Last Sunday, Julie and I went to the Maryland Renaissance Faire. She, dressed as a maiden and I as a Knight in shining armor, spent the day in an entirely different world. Calling each other My Lord and My Lady, we acted the way a loving couple would in the days of old - and in doing so - I realized that Julie is not only a true lady - but that she is indeed my fair lady in every way possible.

Upon our arrival, the first thing we did was "get married." Not oficially, but romantically. We participated in their "Renewal of Vows" ceremony, which they held as part of "Chivalry Week." With His Eminence Pastor Sinnius Vice presiding over the ceremony, which included songs and readings each professing true love - we stood together holding hands as we drew closer to the moment of the vows. When they came, we repeated what His Eminence said and then recited our own. I must tell you that while I hope that Julie found my vows to be romantic - I found hers to be so moving that I was brought to tears. Through her words, promises and vows - along with the truth in the meaning behind them - she made me feel so safe and free of doubt that this woman would ever break my heart. Twelve years ago, I got legally married and did not feel my ex-wife's vows had as much honesty and certainty behind them as Julie's had - that's how much what she said moved me.

After the ceremony, we went to the town's White Heart Tavern to have our wedding cake - and receive our ceremonial certificate. As I was standing there with the other participants, as well as His Eminence and the King himself - I actually felt as if I got married - even more so then when I actually did over a decade ago. All through the reception and for the rest of the day, I kept calling her "Mrs. Wein" and proudly told anyone within earshot that we got married and how much I love her. Despite my past fear of relationships and heartbreak - it felt really good to do so - because thanks to Julie - my fears were completely gone.

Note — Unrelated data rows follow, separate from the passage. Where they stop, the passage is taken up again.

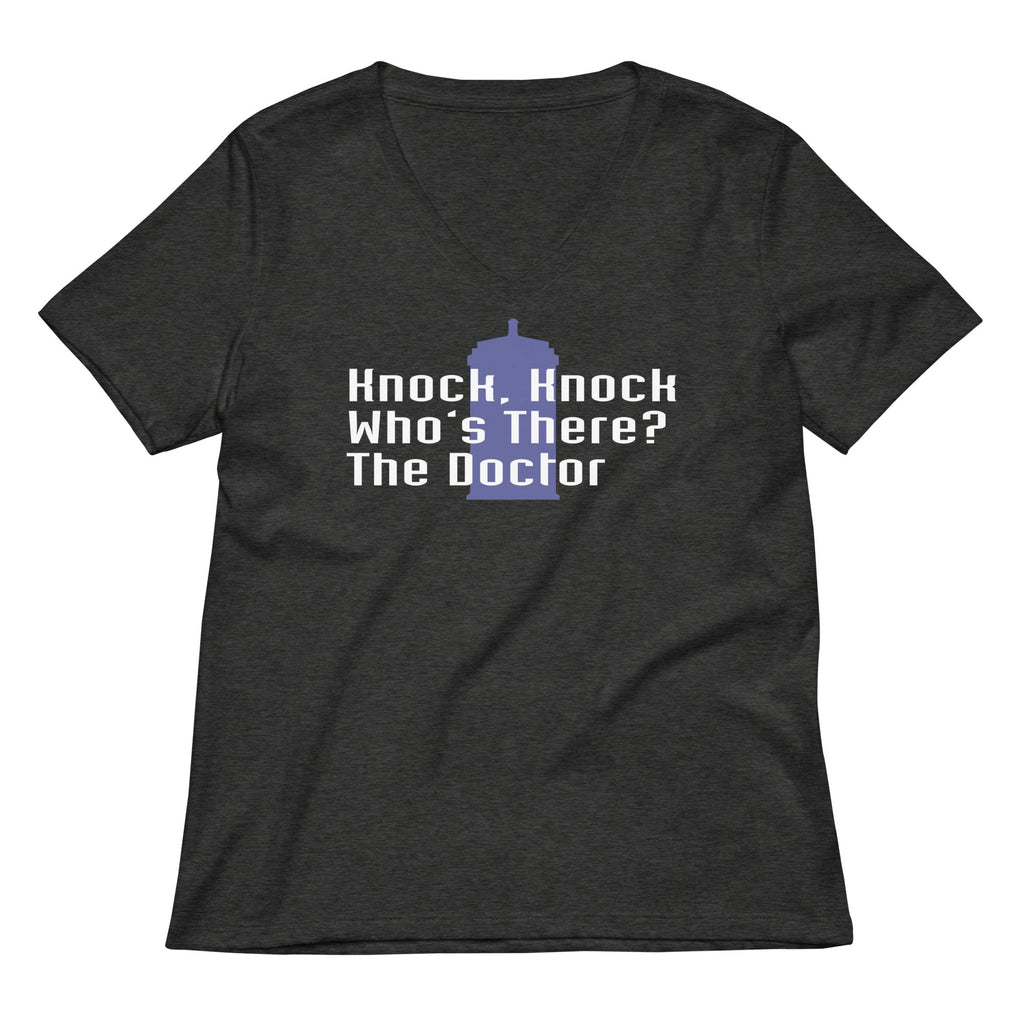 Knock Knock! Who's There? The Doctor Women's V-Neck Tee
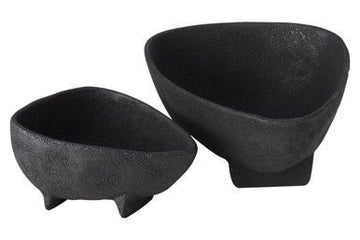 Deriva Set of Two Textured Black Bowls
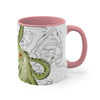 Green Tentacles Octopus Vintage Map On White Art Accent Coffee Mug 11Oz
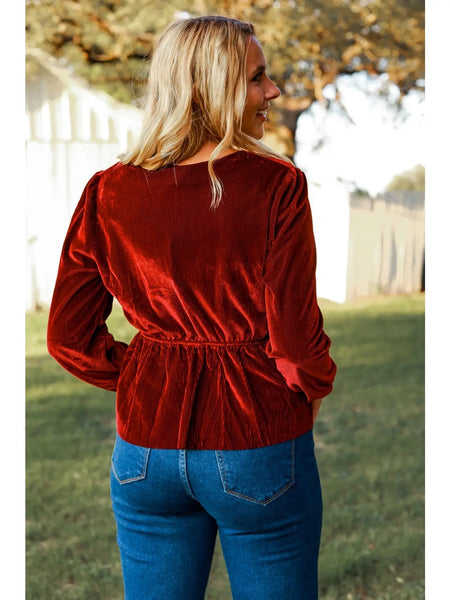 Deep Red Ribbed Velvet V-neck Peplum Top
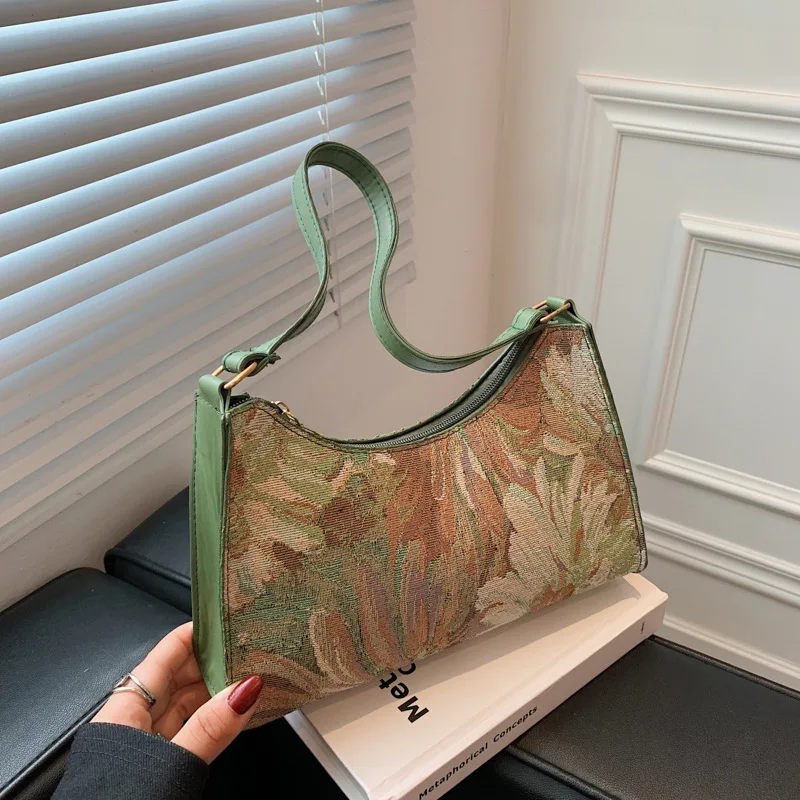Womens Shoulder Bag Fashion Vintage Oil Painting Design Simple Flower Female Armpit Hobos Small Clutch Handbag Totes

Between my long string of relationship disasters and my year-long stint of loneliness - I have come to realize something that I both knew all my life and know is obvious - but is something I never vocalized to myself before. Physically, although they come in different shapes and sizes - every woman on this planet has the same thing. What makes each woman unique, however, is their attitude, personality and character. Over the course of my life, I have dated some women with serious anger management problems, women who are absolutely impossible to please - and women who were more interested in the content of my wallet rather than the content of my heart. Julie, however, is anything but what I have experienced in my past. She wants to build a future instead of start a fight. She wants to be a team instead of be at each other's throats. She sees the big picture and not the big paycheck. And - she defines what a woman should be rather than add to the stereotype of what I have come to think a woman is.

Unbelievably, we met over four-and-a-half years ago, but did not become a couple until July 27th of this year. I often wonder how differently my life would be if we had dated then instead of now. For one thing, doing so would have saved me a lot of heartache - and truthfully - I think that if we were together for the last four-and-a-half years - the "Renewal of Vows" ceremony we participated in last Sunday would have been just that.

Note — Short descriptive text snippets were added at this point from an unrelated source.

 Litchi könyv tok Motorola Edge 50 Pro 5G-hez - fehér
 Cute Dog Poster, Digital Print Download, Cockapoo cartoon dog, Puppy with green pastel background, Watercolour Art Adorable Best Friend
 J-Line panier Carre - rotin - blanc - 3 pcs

But rather than dwell on what could have been - I much prefer to focus on what is - and what will be. Considering the fact that Julie has, in addition to a gorgeous body - a beautiful mind, spirit, personality and soul - and the fact that I am thankfully everything she is looking for in a man - I am absolutely confident that this relationship is not doomed for disaster - but rather bound for greatness. We both know what the other one wants - and have what the other one needs. We both know what actions it would take to break each other's hearts - and have no intentions on doing them. And, we have each been searching for our respective Prince Charming and Cinderella - and now know that we have found them...

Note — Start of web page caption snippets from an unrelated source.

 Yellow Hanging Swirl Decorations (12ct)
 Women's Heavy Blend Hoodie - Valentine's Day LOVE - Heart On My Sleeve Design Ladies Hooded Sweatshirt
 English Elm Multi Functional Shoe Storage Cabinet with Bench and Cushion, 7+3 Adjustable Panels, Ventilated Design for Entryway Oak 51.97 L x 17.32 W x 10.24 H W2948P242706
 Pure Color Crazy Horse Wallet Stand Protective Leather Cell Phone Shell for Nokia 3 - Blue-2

...and plan to live happily ever after.

"All my life, I've searched this whole world through.
Try as I might, to find someone like you.
The years drifted by, but it was always on my mind.
I didn't know just how long I'd go, until I ran out of time.
All my life, my stars were surely crossed.
Now and then, I missed the love I lost.
But all that changed, the day you said you'd be my wife.
Who could have known that finding you Would only take me all my life?"